EXERCISE DIRECTIONS: Once you reach the line containing "Kobieta w kolorowej, tropikalnej" in the data below, restate each line word for word up to and including the one containing "Worker using equipment in a facility".

════════════════

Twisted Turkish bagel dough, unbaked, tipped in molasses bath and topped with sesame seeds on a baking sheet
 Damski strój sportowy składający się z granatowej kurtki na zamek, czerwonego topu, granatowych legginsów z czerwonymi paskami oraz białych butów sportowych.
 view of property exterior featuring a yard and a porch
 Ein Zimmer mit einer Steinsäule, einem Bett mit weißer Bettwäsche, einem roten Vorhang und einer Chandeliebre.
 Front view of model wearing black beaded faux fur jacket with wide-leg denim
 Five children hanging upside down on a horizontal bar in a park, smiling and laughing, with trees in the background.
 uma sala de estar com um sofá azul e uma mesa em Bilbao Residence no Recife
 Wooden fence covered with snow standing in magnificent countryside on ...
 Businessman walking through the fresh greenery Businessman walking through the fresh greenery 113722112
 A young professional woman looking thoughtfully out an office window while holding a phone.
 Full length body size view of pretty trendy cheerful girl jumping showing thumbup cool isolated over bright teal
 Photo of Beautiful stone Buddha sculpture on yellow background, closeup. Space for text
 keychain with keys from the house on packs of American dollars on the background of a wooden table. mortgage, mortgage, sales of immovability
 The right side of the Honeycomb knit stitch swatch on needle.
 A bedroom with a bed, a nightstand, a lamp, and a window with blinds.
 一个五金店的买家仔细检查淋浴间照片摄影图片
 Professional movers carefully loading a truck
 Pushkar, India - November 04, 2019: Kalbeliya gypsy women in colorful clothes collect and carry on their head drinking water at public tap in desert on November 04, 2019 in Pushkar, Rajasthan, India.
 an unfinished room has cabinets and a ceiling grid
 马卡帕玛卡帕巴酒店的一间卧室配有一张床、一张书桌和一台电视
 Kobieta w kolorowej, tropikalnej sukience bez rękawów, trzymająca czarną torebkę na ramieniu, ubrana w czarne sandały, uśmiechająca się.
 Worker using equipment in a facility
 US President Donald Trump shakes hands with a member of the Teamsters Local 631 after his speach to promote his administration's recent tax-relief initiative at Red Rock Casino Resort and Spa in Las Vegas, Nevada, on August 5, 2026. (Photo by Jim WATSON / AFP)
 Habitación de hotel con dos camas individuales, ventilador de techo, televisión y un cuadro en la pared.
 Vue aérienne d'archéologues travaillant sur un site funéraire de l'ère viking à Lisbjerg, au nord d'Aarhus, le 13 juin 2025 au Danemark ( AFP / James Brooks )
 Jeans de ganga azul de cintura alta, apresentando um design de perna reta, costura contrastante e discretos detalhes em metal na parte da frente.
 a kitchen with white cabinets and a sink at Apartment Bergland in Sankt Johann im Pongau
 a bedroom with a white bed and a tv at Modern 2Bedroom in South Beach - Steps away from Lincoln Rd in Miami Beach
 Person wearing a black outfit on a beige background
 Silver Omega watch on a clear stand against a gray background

════════════════

WRITTEN SOLUTION:
 Kobieta w kolorowej, tropikalnej sukience bez rękawów, trzymająca czarną torebkę na ramieniu, ubrana w czarne sandały, uśmiechająca się.
 Worker using equipment in a facility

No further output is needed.